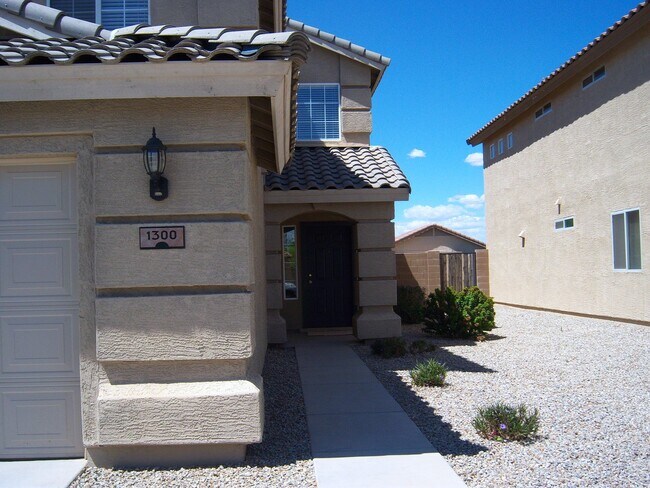 Foto del edificio - COMING SOON!! 4 BED 3 BATH, 2 CAR GARAGE IN SAN TAN VALLEY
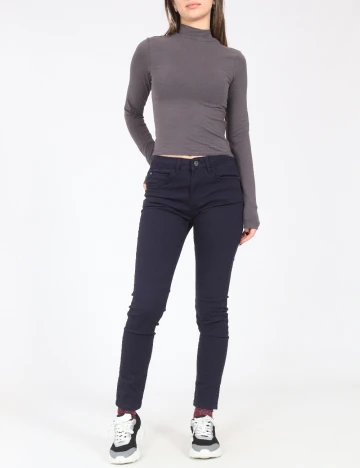 Pantaloni Bershka, bleumarin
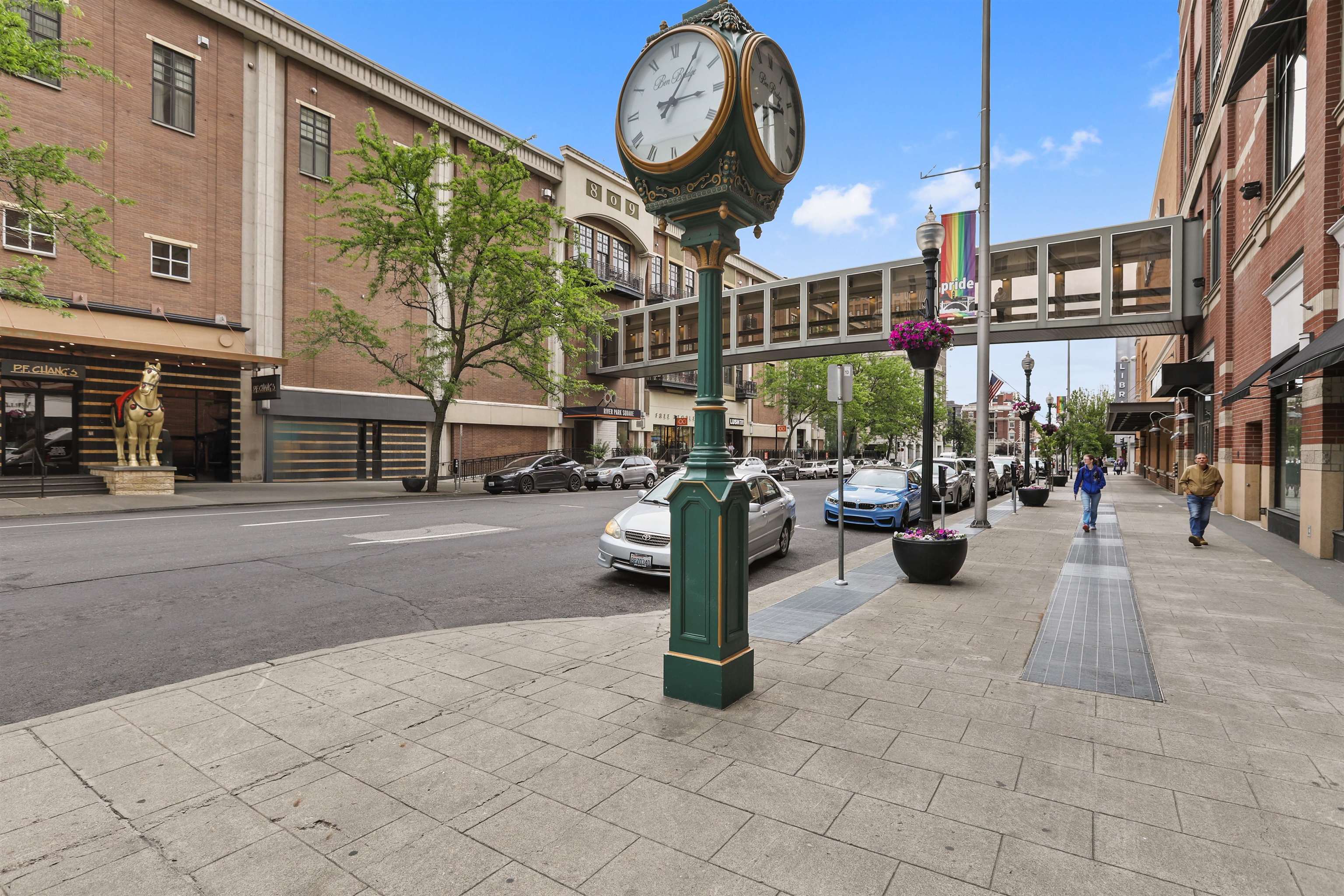 809 W Main Ave - Photo 2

The problem
Please print the entire listing again exactly, minus its images.

Answer to this problem
 Foto del edificio - COMING SOON!! 4 BED 3 BATH, 2 CAR GARAGE IN SAN TAN VALLEY
 Pantaloni Bershka, bleumarin
 809 W Main Ave - Photo 2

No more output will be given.